E-mail usage is a very good example of the network effect, which describes the effect that one user of a good or service has on the value of that product to others and is usually thought to be a positive thing (the telephone would be useless if only one or two people had such a device but the more people who own telephones, the more valuable each telephone is to its owner).

E-mail of course has benefitted from the network effect.  When e-mail was first invented, there was a limited number of users on the Arpanet and who could send and receive messages.   When MCI Mail and Compuserve’s mail system were connected to the NSFNET in the late 1980s, this first commercial use of Internet-based e-mail expanded the base of users greatly and the value of e-mail increased commensurately as well.

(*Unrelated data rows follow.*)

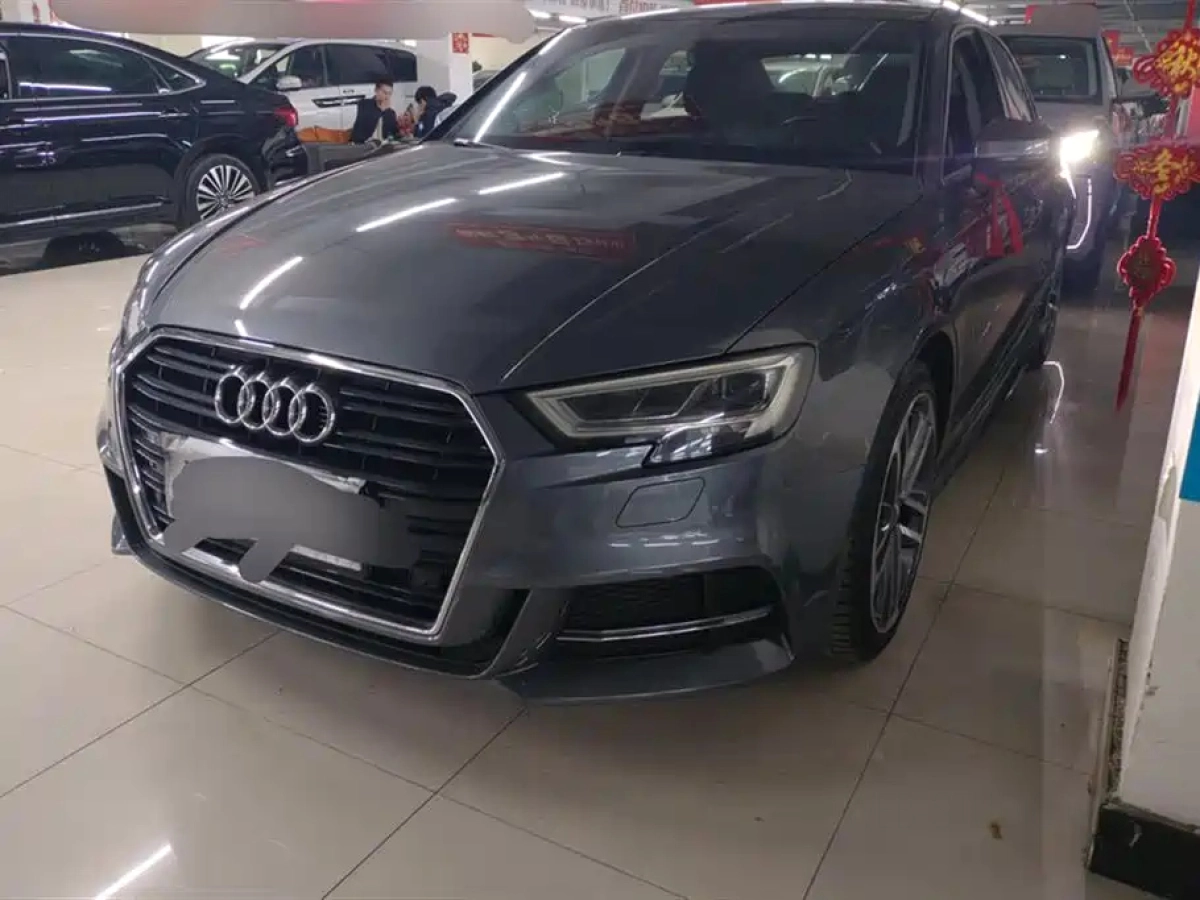 AUDI A3  2019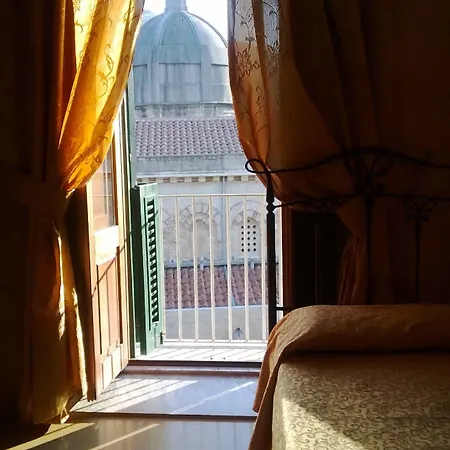 Residenza Il Duomo B&B 트로페아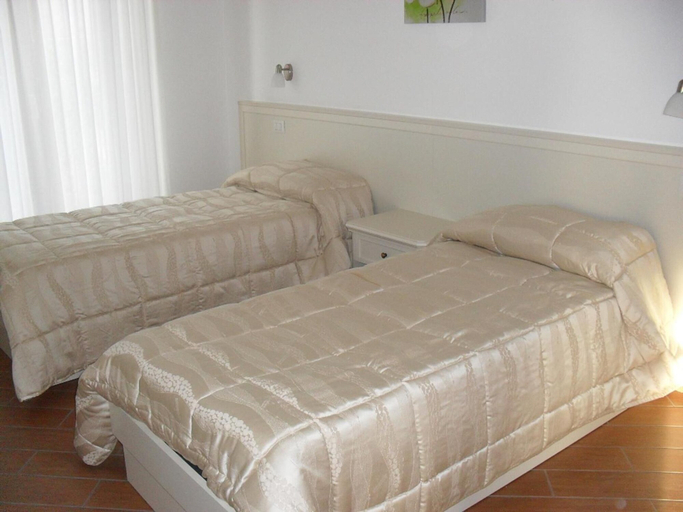 Bedroom 3, Hotel Giardino San Michele, Salerno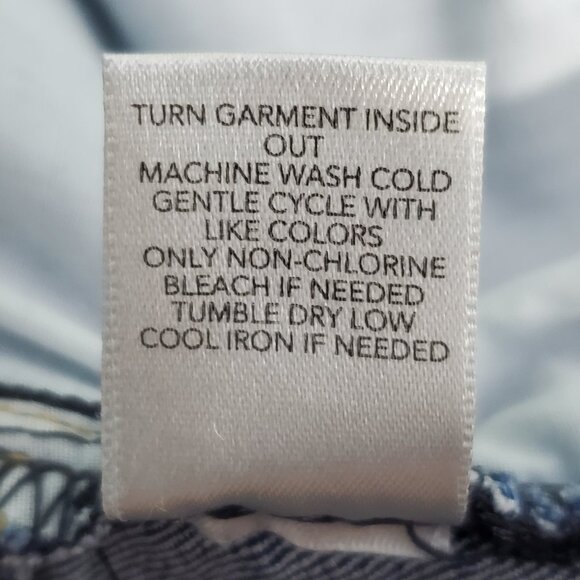 Chrisopher & Banks Dark Wash With Fading Modern Fit Denim Jean Shorts Size 16 - Picture 11 of 12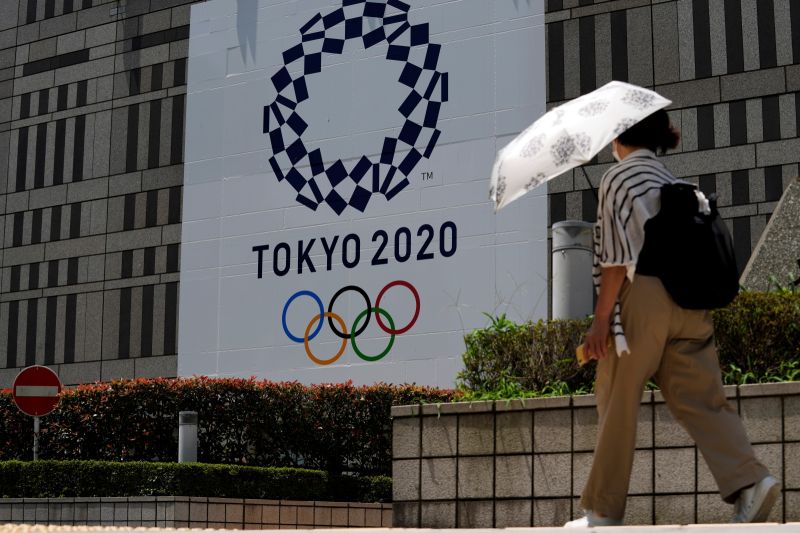 東京奧運開幕在即，但日本的疫情卻不容樂觀，隨著相關人員陸續傳出確診，公衛專家憂心東奧防疫泡泡恐怕已經破裂，還將殃及一般民眾。示意圖。   圖／美聯社／達志影像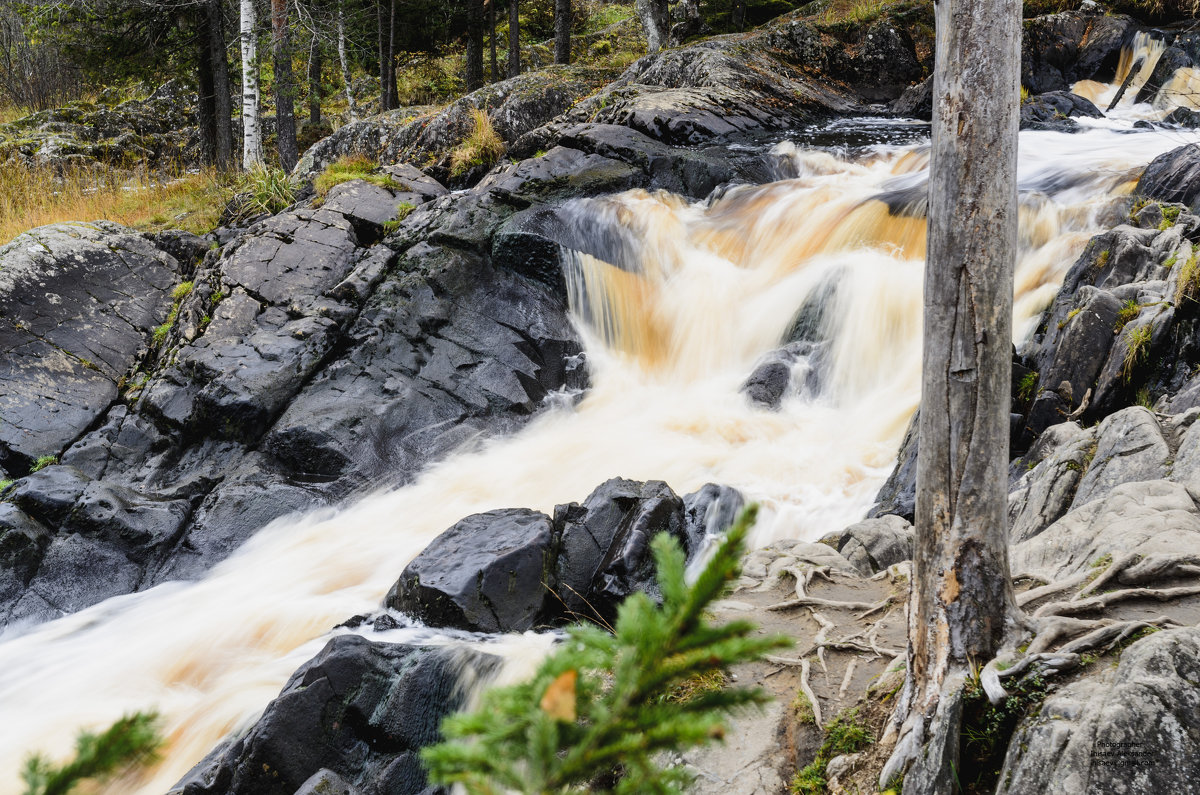 Водопады Ахвенкоски Карелия осень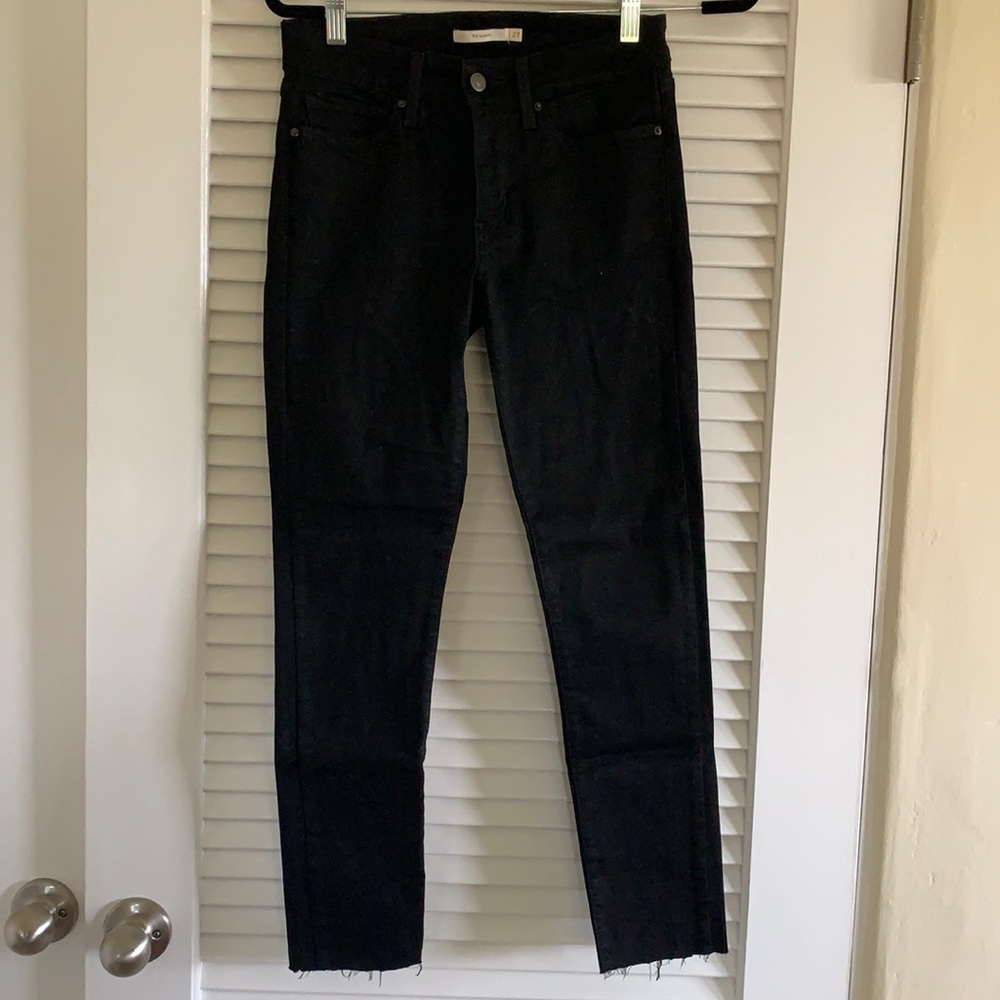 Levi’s 711 Skinny Jeans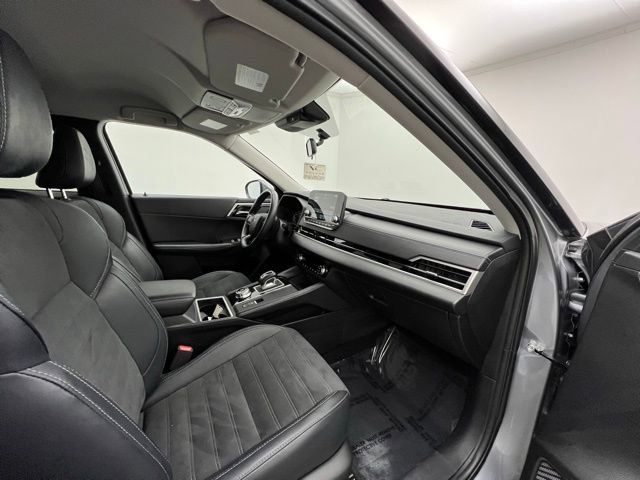 Used 2024 Mitsubishi Outlander SE image 9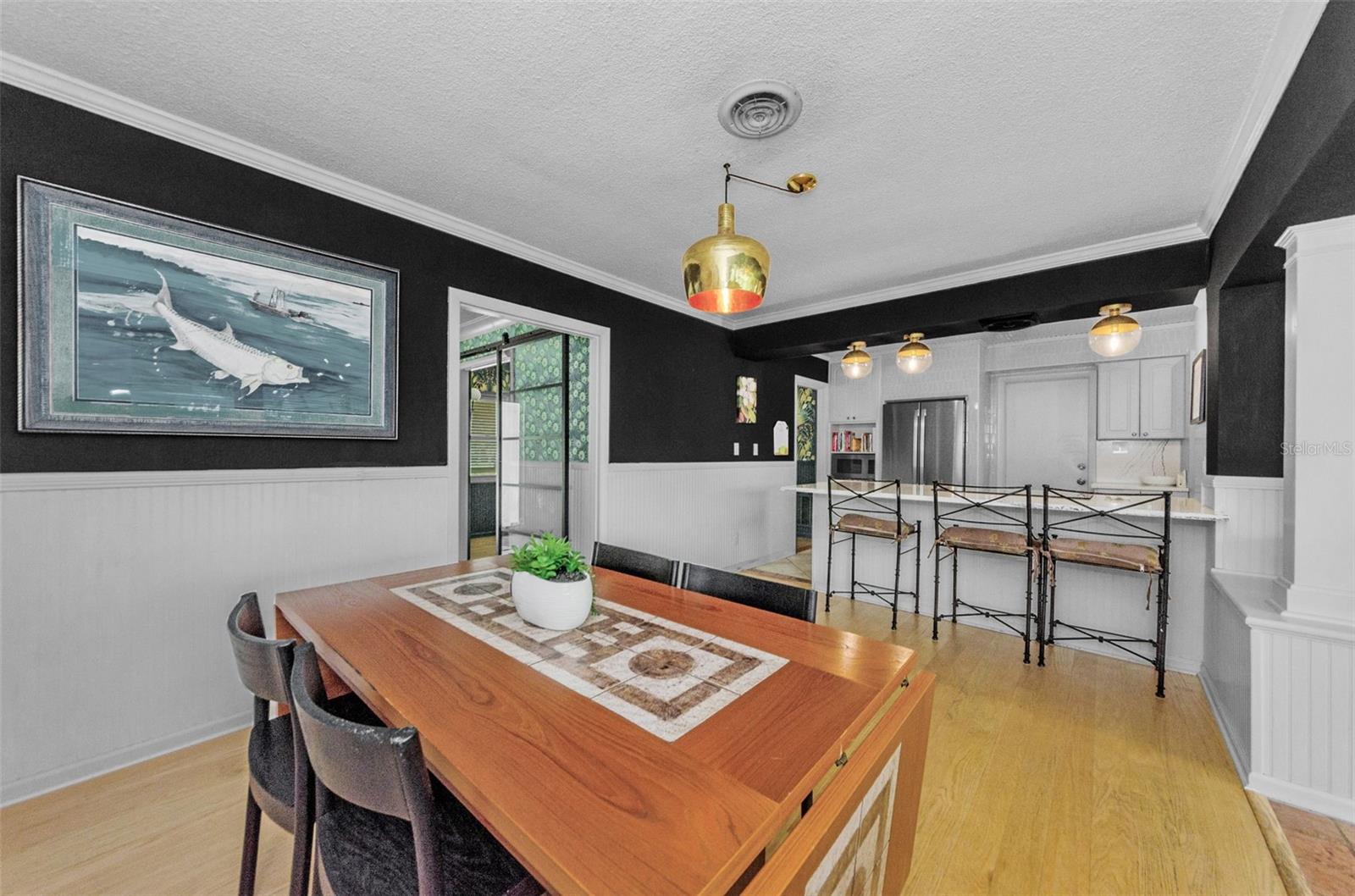 Image 10 of 39 For 201 78th Avenue N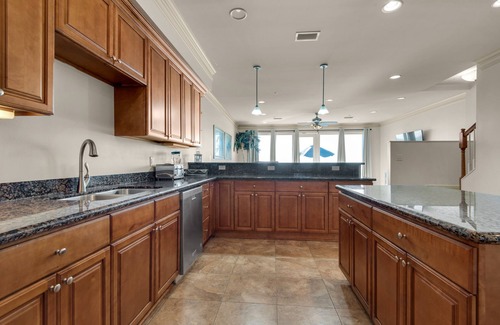 White Sands Condo | 🏖️Luxury Beachfront Condo-Incredible Views-4BR White Sands 447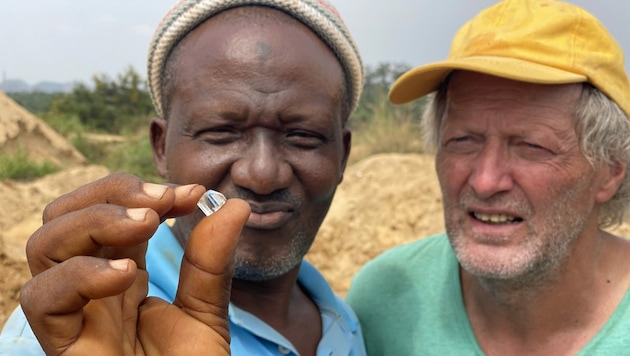 Abenteurer Helmut Pichler auf der Spur der Blutdiamanten in Sierra Leone (Bild: Servus TV)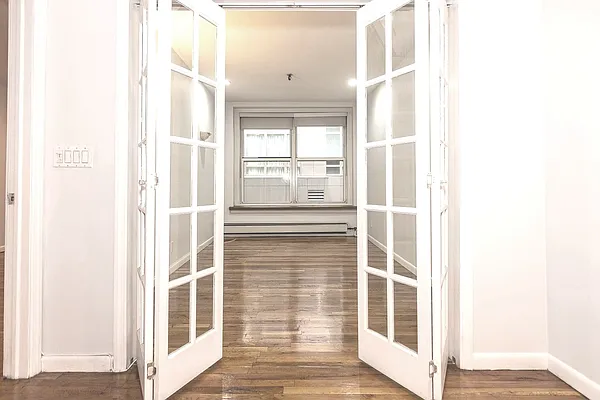 Rented by Corcoran | media 29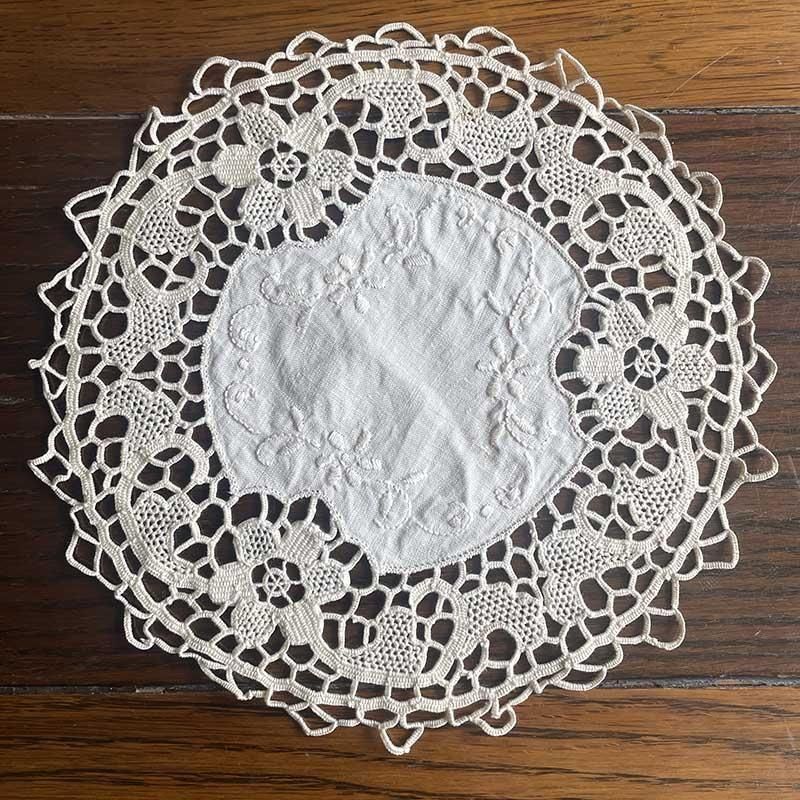 アンティークフランス ピケ風モチーフダマスク織❖〰️ 赤糸刺繍花型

Just as networks become congested at some point after achieving critical mass (an excellent example was MCI’s long-distance network in the 1980s, when the company sold the service to more customers than its nascent network could handle, leading to busy signals and incomplete calls), a negative network effect can ensue.

Today, this is happening in e-mail as resources (mostly the time knowledge workerscan allocate to e-mail) are becoming increasingly constrained while knowledge workers continue to pump more and more e-mail into the system, further exacerbating the problem.  Making matters even worse is that the quality of e-mail messages is frequently lacking when compared to more formal correspondence such as a memo or letter.